PBU, the Danish pension fund for early childhood educators, has reduced pension payments for nearly 20,000 of its pensioners this year by between 5% and 9% in a development illustrating a negative outcome for market-rate pension holders recently referred to by the country’s financial watchdog.
The labour-market pension fund told IPE the cut had been made necessary by low market returns in 2018 as well as changes in longevity and investment yield assumptions.
While Danish labour-market pension provision has been undergoing a long-term shift towards unguaranteed market-rate pension products from traditional guaranteed average-rate pensions, there are differences between the way providers calculate pensions in payment.
PBU’s mathematical director Frank Cederbye said payments to pensioners from the scheme in 2020 are between 5% and 9% less than in 2019, depending on the risk profile according to the age of the individual.
He told IPE: “We have chosen to have a plain vanilla pension product – what you see is what you get. It has no buffers and no implicit guarantees and introduces a bit more risk, but this handled through the investment profiles.”
Under its market-rate pension product – which now covers nearly all of the pension fund’s members – PBU re-calculates payments each year with a one-year delay.
This means pensions paid out in 2020 are based on 2018 investment returns, life expectancy and common assumptions for Danish pension funds on future investment yields, Cederbye said.
“These assumptions were lowered in 2018, and life expectancy increased, and on top of that investment returns were poor in that year, so we had three negative effects,” he said.
PBU made the calculation for 2020 pensions in 2019, and sent out letters informing the near 20,000 pensioners affected in June, he said.
“We had no reactions from them in June, but around the end of last year we did have some reactions – mainly questions about the reduction because investment yields had been very good in 2019. But of course, the payments are calculated based on the 2018 data,” Cederbye said.
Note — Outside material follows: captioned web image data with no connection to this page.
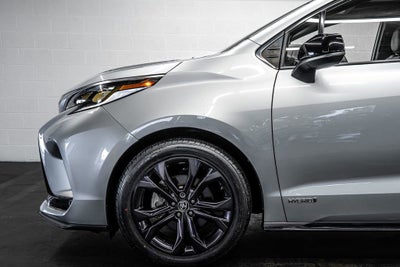 2021 Toyota Sienna XSE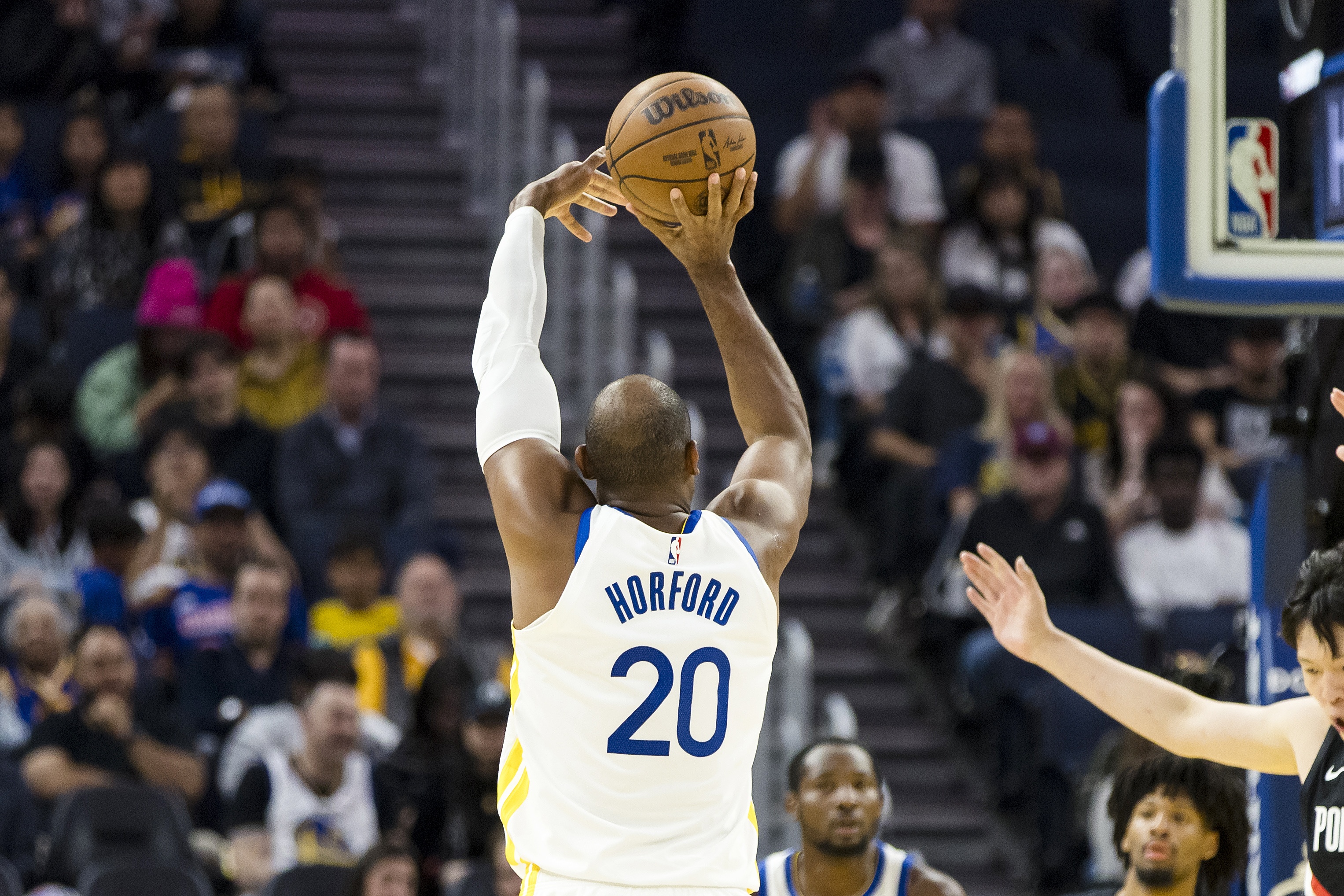 坐骨神经痛!科尔:霍福德本周的比赛都确定无法出战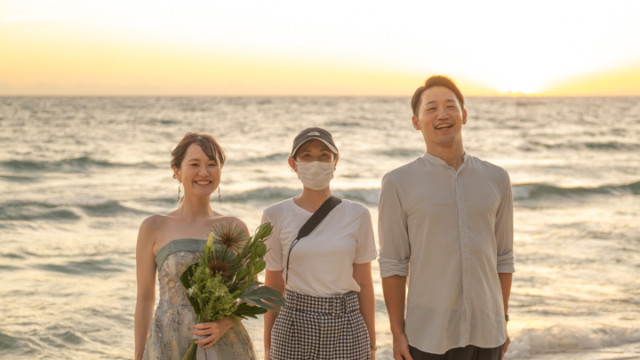 沖縄県恩納村のフォトウェディングでのビーチフォト(サンセット)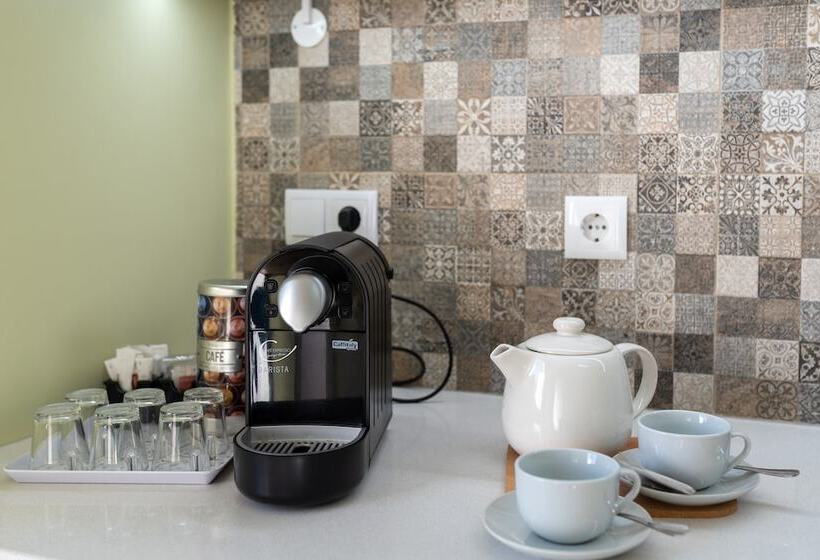 بنسيون Fika Guest House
Last week, the Danish FSA published a report on the “privatisation” of risk in unguaranteed market-rate products, and how pension companies were informing their customers about this.
It concluded providers of market-rate pensions had not been giving customers adequate information about the risks they are exposed to, both in the accumulation and payout phases of the products.
Cederbye said PBU’s product did have the advantage of being easier to explain to customers.
“In our view, information is much easier to get across when you have a plain vanilla product. We have a very mechanical way of setting the pension level – we stick to our model, make the calculations and then these adjustments,” he said.
The pension fund is currently in the process of calculating 2021 pension payments.
“One element is we had very high investment returns in 2019, but on the other hand we have expectations of lower bond yields, so we are in the process of finding out what the net effect will be,” he said.